What is needed: Here are records with pictures in them. Copy all of them exactly and leave the pictures out.

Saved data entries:
........

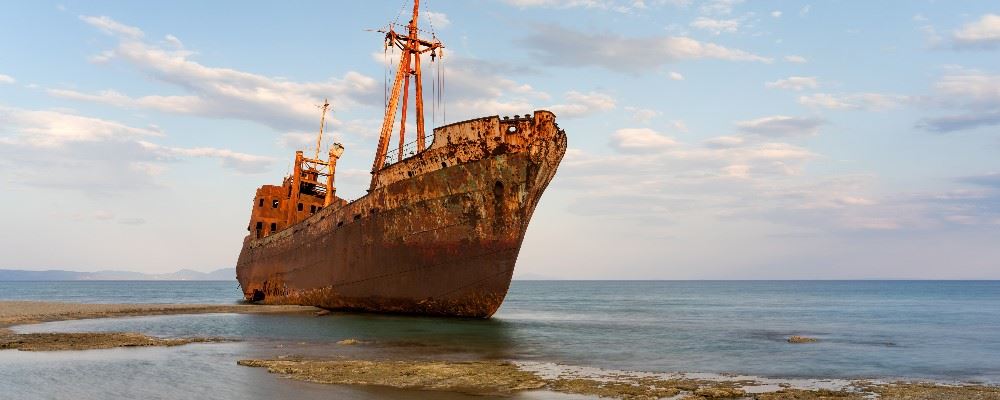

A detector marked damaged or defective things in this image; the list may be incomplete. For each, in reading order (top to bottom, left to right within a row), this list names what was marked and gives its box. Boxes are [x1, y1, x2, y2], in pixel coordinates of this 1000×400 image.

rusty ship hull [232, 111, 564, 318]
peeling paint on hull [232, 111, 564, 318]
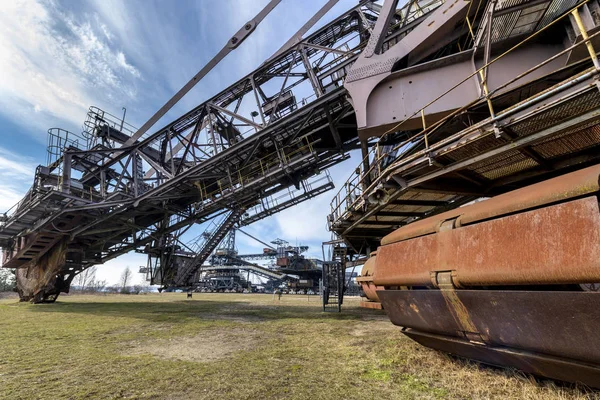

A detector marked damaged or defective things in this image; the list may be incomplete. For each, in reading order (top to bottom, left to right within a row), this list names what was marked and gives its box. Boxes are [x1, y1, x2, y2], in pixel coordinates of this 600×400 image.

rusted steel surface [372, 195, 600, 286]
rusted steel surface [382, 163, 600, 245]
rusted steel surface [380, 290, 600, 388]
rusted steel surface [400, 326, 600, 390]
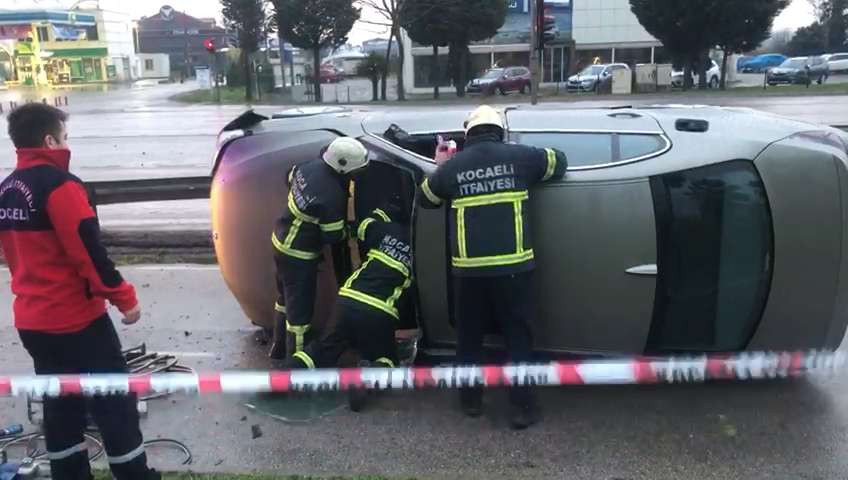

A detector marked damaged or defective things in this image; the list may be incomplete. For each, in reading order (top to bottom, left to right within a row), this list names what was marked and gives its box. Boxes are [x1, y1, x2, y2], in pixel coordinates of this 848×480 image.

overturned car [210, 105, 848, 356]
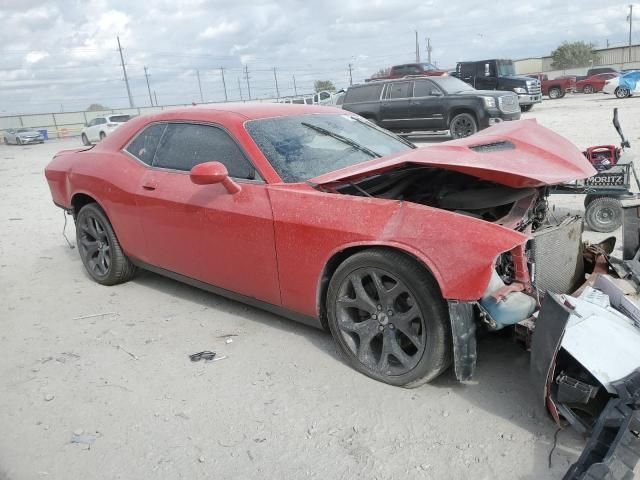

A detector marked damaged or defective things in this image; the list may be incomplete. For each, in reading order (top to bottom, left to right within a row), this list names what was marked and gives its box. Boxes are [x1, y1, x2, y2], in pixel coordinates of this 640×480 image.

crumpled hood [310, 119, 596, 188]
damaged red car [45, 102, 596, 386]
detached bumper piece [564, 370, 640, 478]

........

Task result:
A detector marked damaged or defective things in this image; the list may be incomplete. For each, in reading order (top to bottom, left to right within a row), this list names what was marked and gives its box. Boxes are [x1, y1, x2, y2], in pixel coordinates of this 1000×400 image.

rusty ship hull [232, 111, 564, 318]
peeling paint on hull [232, 111, 564, 318]

A detector marked damaged or defective things in this image; the list may be incomplete. For each, in reading order (top to bottom, left to right within a row), this list names what was marked and gives its box. Boxes are [x1, y1, x2, y2], in pixel coordinates of this 600×400 image.

rusted steel surface [372, 195, 600, 286]
rusted steel surface [382, 163, 600, 245]
rusted steel surface [380, 290, 600, 388]
rusted steel surface [400, 326, 600, 390]

A detector marked damaged or defective things in this image; the list may be incomplete. For each, in reading order (top to bottom, left to right within a row), this list names what was marked and gives its box. Boxes are [x1, y1, x2, y2], in pixel coordinates of this 848×480 image.

overturned car [210, 105, 848, 356]

A detector marked damaged or defective things in this image; the list may be incomplete. For each, in reading order (top to bottom, left to right within a row), this list names what was marked and gives its box. Boxes are [x1, y1, x2, y2], in pixel coordinates of this 640×480 image.

crumpled hood [310, 119, 596, 188]
damaged red car [45, 102, 596, 386]
detached bumper piece [564, 370, 640, 478]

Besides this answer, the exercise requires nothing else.